Apple can cause all the disruption they can in technology, but that doesn't matter if their product does not get the attention intended for it.
@ians55, correct, and if i wanted to do calculations, chances are i'd use a calculator, instead of a mainframe to achieve the same result. As far as battery….as an end user, the lighter/smaller the battery and the longer the life, the better.
So if i wanted to surf the web, listen to music, watch movies, view photos, check email, read a book (basically consume content, which is what this device is primarily meant to do), why would i buy a buy a more complicated, bigger/heavier, uglier, less secure, jack-of-all-trades, master-of-none machine ? that requires a beefier system, is slow to-boot, requires more ram and HDD for the underlying system, etc ?

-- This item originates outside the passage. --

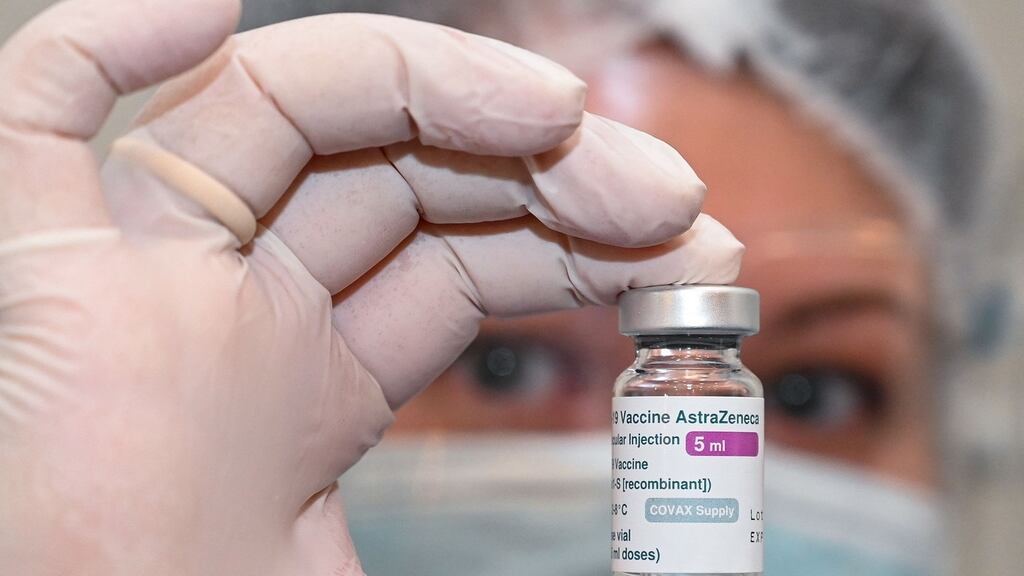 A nurse holds a vial of the Oxford-AstraZeneca vaccine against the coronavirus disease at an infectious diseases hospital in Tbilisi. Photograph:  Vano Shlamov/ AFP via Getty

Now dont get me wrong, im sure that there are few people out there who would love computers that did everything computers have done over the past 30-40 years, serial ports, floppy discs, DOS, wordperfect..and even the features to make toast, microwave, brew beer, and drive their car for them, but that doesnt mean such a machine should ever be built at the expense of simplicity and user-friendlynes.
@Admin_RobertCity
Well dude, you better get on the phone to Microsoft, cause if history is any indication they have already started working on their “version(*cough*copy*cough*).
What i find surprising is that Apple has managed to combine all the functionality thats actually *NEEDED* from this class of product (not a netbook and not a smartphone), executed it well(system design including all benefits and limitations) and managed to undercut the competitors in price.